Imitation of our betters
Perpetual Felicity
We recently (March 7th) celebrated the memorial of Sts. Purpetua and Felicity, two young women, one a noblewoman nursing a young child the other a pregnant slave, who were martyred for their Christian faith in a Roman spectacle in honor of the 3rd century Emperor Septimus Severus’s birthday. A few centuries later the north African Bishop of Hippo Regius, Aurelius Augustinus, in preaching a sermon commemorating this same memorial, and with impressive rhetorical flourish, commended the example of these two martyrs:
This day, coming round year after year, is a reminder to us and represents for us the day on which God’s holy servants Perpetua and Felicity burst into bloom in perpetual felicity, holding onto the name of Christ in the war, and at the same time also finding their own names in the reward. If what I can offer is quite unequal to the merits of these saints, I can still contribute my own enthusiastic feelings to the joy of this great feast. What, after all, could be more glorious than these women, whom men can more easily admire than imitate? But this redounds supremely to the praise of him in whom they believed, and in whose name they ran the race together with faithful zeal….
In heaven the glorious martyrs will be resplendent with the special light that distinguishes them, and the bodies in which they suffered unseemly torments will be turned for them into seemly robes of honor. So then let us celebrate their feasts, as indeed we are doing, with the utmost devotion, soberly cheerful, gathered in a holy assembly, thinking faithful thoughts, confidently proclaiming their sanctity. It is no small part of imitation to rejoice together in the virtues of those who are better than we are.
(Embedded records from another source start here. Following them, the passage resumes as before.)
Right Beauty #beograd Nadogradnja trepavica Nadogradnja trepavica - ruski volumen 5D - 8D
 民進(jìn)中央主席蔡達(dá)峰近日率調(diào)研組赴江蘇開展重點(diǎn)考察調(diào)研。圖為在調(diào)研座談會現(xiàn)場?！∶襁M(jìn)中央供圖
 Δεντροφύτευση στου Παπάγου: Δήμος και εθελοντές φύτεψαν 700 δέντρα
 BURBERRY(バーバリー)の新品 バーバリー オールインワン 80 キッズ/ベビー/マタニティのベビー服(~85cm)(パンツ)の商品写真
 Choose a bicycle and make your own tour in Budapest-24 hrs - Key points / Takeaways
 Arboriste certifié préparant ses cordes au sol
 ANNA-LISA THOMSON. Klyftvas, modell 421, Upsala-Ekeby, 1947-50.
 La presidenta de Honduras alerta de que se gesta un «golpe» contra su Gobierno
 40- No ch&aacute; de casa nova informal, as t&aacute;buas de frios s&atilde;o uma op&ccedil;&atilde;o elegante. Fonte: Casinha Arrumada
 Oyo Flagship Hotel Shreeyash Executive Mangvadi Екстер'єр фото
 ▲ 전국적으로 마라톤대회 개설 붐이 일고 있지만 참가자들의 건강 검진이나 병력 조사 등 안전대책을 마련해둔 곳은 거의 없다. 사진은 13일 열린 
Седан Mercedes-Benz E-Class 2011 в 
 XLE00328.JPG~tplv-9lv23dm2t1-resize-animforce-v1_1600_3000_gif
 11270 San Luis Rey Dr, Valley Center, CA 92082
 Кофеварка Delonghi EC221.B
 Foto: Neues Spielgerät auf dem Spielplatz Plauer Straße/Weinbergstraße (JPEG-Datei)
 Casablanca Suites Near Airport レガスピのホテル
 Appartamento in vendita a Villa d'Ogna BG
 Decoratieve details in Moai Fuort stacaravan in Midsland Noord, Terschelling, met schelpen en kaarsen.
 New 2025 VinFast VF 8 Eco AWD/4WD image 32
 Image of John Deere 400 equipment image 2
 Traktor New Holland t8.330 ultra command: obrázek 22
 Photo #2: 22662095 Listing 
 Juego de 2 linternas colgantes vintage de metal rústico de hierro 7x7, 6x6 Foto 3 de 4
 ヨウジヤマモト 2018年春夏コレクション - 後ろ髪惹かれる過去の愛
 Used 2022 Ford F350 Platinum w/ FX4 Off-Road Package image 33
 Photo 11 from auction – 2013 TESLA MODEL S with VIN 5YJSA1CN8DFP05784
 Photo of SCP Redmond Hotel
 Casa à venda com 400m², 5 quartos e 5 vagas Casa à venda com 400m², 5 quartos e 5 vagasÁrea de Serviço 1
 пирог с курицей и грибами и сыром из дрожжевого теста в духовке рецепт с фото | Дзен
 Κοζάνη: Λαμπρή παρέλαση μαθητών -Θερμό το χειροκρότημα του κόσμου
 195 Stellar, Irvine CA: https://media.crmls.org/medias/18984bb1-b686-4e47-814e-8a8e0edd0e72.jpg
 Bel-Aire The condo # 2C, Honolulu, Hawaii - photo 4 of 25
We celebrate saints because we recognize them as better than we are and the Church exhorts us to emulate them in their virtue. Saint Paul in his letters often tells his readers:
Be imitators of me, as I am of Christ. 1 Cor 11:1
And in the Gospels Jesus tells his disciples that:
Truly, truly, I say to you, the Son can do nothing of his own accord, but only what he sees the Father doing; for whatever he does, that the Son does likewise. John 5:19
The principle of mimetic desire as understood by René Girard reflects the fundamental human propensity to imitate and so become like the ones we admire. This also provides the psychological and spiritual mechanisms for the phenomena of worldly fashion in both external (attire & behavior) and internal (belief) matters. The same mimetic propensity underlies the teacher-disciple relationship:
A disciple is not above his teacher, but every one when he is fully taught will be like his teacher. Luke 6:40
However, there is another principle (also explicated by Girard’s mimetic theory) that impinges on the disciple’s path toward becoming like his teacher/model, mimetic rivalry. Our fallen human nature often chafes at the secular hierarchical cursus honorum in which we compete with other fallen creatures. Resentment becomes corrosive to Augustine’s admonition to “rejoice together in the virtues of those who are better than we are”.
Sadly, today such resentment has become ubiquitous as critical theory has replaced rationality in its pursuit of truth, goodness and beauty. In his forthcoming book, The Apocalypse of the Sovereign Self, Gil Bailie quotes John Senior:
The student who comes to his teacher and subject primed with what the modern university praises as the virtue of “critical intelligence,” …. rejecting a priori anything which will not stand some superficial dialectical and arbitrary test to tickle his curiosity–such a student may acquire the technology of science and the humanities but he will never experience the reason for either. Such a critical intelligence, whatever its use in the marketplace, is prophylactic of the beautiful, the good and the true.
Learning in the truly classical sense, writes Senior, requires that the student “become assimilated to the spiritual, intellectual and moral model of the teacher.”
Bailie notes, “It is hard to imagine a prospect more repugnant to contemporary pedagogy, but it is one that finds solid confirmation in the widespread appreciation for the value of good models, in the Catholic practice of the veneration of saints, and in René Girard’s anthropology of mimetic desire.”